It's a very easy format to optimal parse, because the state space is small enough that you can walk the entire
dynamic programming table. That is, you just make a table which is :
<------ all file positions ------>
and then you just go fill all the slots. Like LZSS (Storer-Szymanski) it's simplest to walk backwards, that way
any value in the table that you need from later positions is already computed.
(* see addendum at end)
For LZ4 the state is just the literal run len (there is no entropy coder; there is no "last offset"; and there are no carried bits between coding events - the way a match is coded is totally independent of what precedes it). I use 16 states. Whenever you code a literal, the state transition is just state++ , when you code a match the transition is always to state = 0.
There is a small approximation in my optimal parse; I don't keep individual states for literal run lens > 15. That means I do measure the cost jump when you go from 14 to 15 literals (and have to output an extra byte), but I don't measure the cost jump when you go from 15+254 to 15+255.

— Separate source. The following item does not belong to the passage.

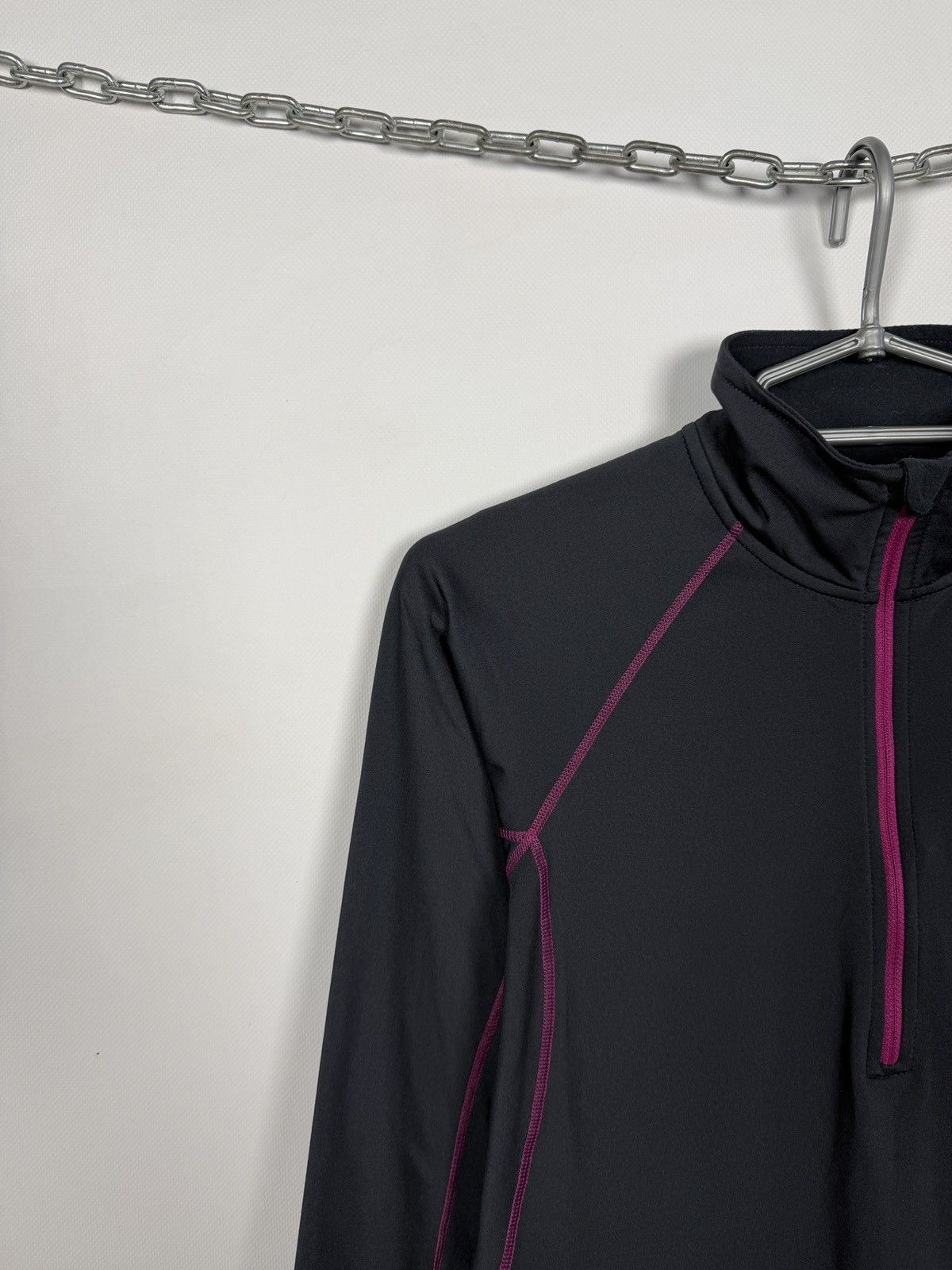 Rab RAB Flux Pull-On Long Sleeve Top Half Zip Outdoor Size 12 Size M / US 6-8 / IT 42-44 - 3 Thumbnail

The optimal parse can be made very very slightly better by using 20 states or so (instead of 16). Then from state 15-20 you count the cost of sending a literal to be exactly 1 byte (no extra cost in control words or literal run len). At state 20 you count the cost to be 1 byte + (1/234) , that is you add in the amortized cost of the 1-1-1-1 code that will be used to send large literal run lengths. While this is better in theory, on my test set I don't get any win from going to more than 16 states.
Without further ado, the numbers :
|raw||greedy||lazy||optimal||XXX||lz4 -c0||lz4 -c1||lz4 -c2|
|raw||greedy||lazy||optimal||lz4 -c0||lz4 -c1||lz4 -c2|
greedy, lazy, optimal are mine. They all use a suffix array for string searching, and thus always find the longest possible match. Greedy just takes the longest match. Lazy considers a match at the next position also and has a very simple heuristic for preferring it or not. Optimal is the big state table described above.
Yann's lz4 -c2 is a lazy parse that seems to go 3 steps ahead with some funny heurstics that I can't quite follow; I see it definitely considers the transition threshold of matchlen from 18 to 19, and also some other stuff. It uses MMC for string matching. His heuristic parse is quite good; I actually suspect that most of the win of "optimal" over "lz4 -c2" is due to finding better matches, not from making better parse decisions.
(Yann's lz4.exe seems to also add a 16 byte header to every file)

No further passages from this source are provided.